- Lupq i Epërm Location in Kosovo
- Coordinates: 42°51′15″N 21°5′40″E﻿ / ﻿42.85417°N 21.09444°E
- Location: Kosovo
- District: Pristina
- Municipality: Podujevë
- Elevation: 751 m (2,464 ft)

Population (2024)
- • Total: 95
- Time zone: UTC+1 (Central European Time)
- • Summer (DST): UTC+2 (CEST)
- Postal code: 11050

= Lupçi i Epërm =

Lupçi i epërm (in Albanian) or Gornje Ljupče or (in Serbian; Горње Љупче) is a village located in the municipality of Podujevo, District of Pristina, Kosovo.

==Geography==
Lupçi i epërm is located on the gorge of Kaçandoll river (major tributary of the Llapi river). Village has a close geographical position toward four municipal centres in north-eastern Kosovo: Podujevo (10 km / 6 mi. ENE), Vushtrri (11 km / 7 mi. WSW), Mitrovica (19 km / 12 mi. W), Pristina (21 km / 13 mi. SSE).

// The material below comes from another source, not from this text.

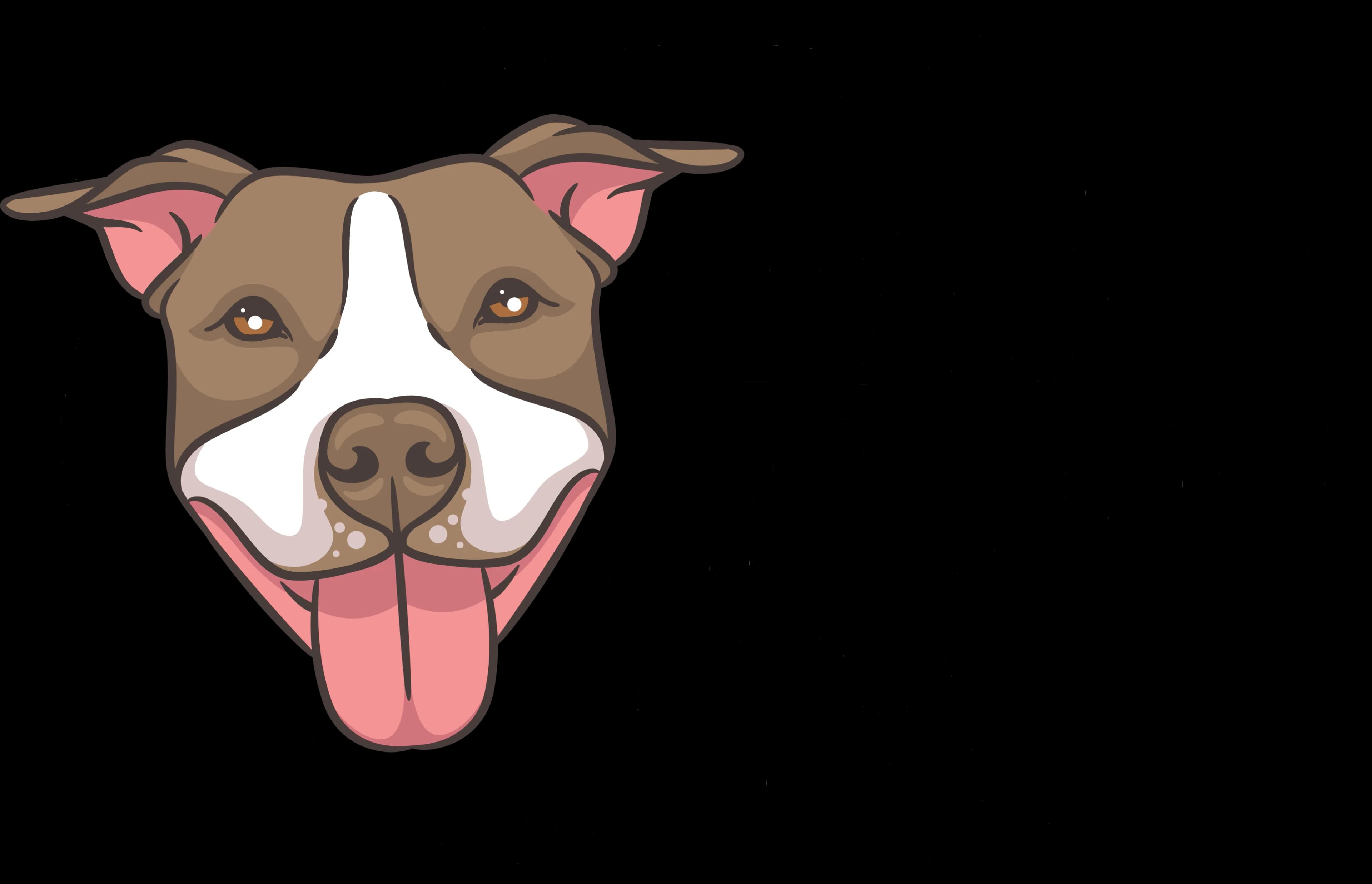 Treat Me Too Dog Treats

Lupçi i epërm borders with three other villages, Popovë (Kështjellas) to the north, Majac to the south, and Zagorë (Municipality of Vushtrri) to the south-west. Main neighborhoods of the village itself are: Buzolli, Dushi, Menxhiqi and Grabovci.

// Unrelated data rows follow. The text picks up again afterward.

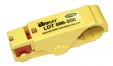 Ripley Cablematic LDT-596-250 Lightweight Cable Stripping Tool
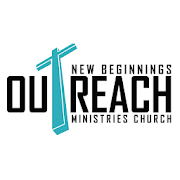 New Beginnings Outreach Church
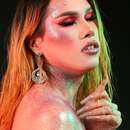 Throbbing Trans Cock Ready To Pound All Night Long, Satisfaction Guaranteed!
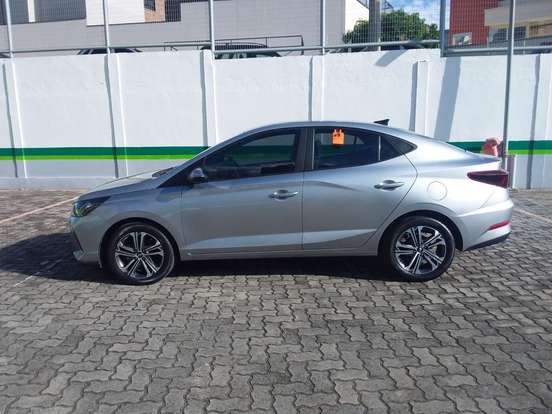 HYUNDAI-HB20S-2022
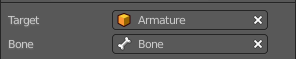 Bone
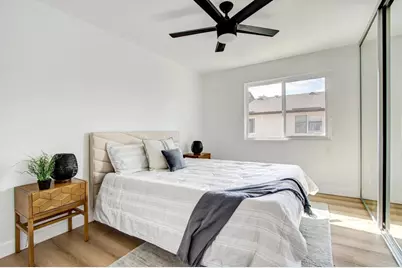 10135 Peaceful Court, Santee, CA 92071 - Photo 10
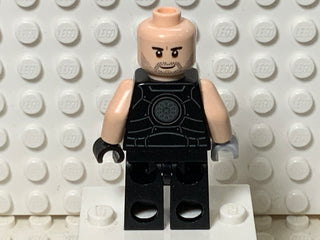 Razor Fist, sh702 Minifigure LEGO®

==NDSH Insurgency 1945 - 1947==
After the WWII, the area was the sene of fighting between the Albanian National Democratic Army, military wing of Albanian National Democratic Movement (NDSH) and special units of the Yugoslav Army, the fighting lasted until February 1, 1947. In the final battle, thirteen nationalist guerrillas led by Shaban Bunjaku fought to the death. Yugoslav soldiers, continued with atrocities among local population and had executed five people from the village, on charges that they had provided aid and shelter to nationalist combatants.

On June 19, 2005, was discovered a mass grave with remains of warriors, in which besides thirteen fighters killed in the area, also were found the remains of other fighters, among them Ukshin Kovaçica.

==Kosovo War==
During the Kosovo War, the town was under firm control of local Territorial Defence unit under coordination of Kosovo Liberation Army.

During the time of conflict number of civilians was seeking shelter in the area. It was reported that UNHCR arranged delivery of food and blankets for the IDPs scattered at Gornje Ljupče. Because of its central position in the gorge of Kaçanoll river area, which was under complete control of KLA, it was relatively a safe area with the distance of around 7 km (except during May 1999) from the Lupçi i poshtëm frontline between KLA and Serbian forces. On `15 1999, during the air campaign of NATO on targets in FR Yugoslavia, NATO airplanes landed four missiles against Yugoslav forces surrounding the village.

According to the Serbian sources, area which included also nearby villages, was scene of around three thousand local non-uniformed armed force.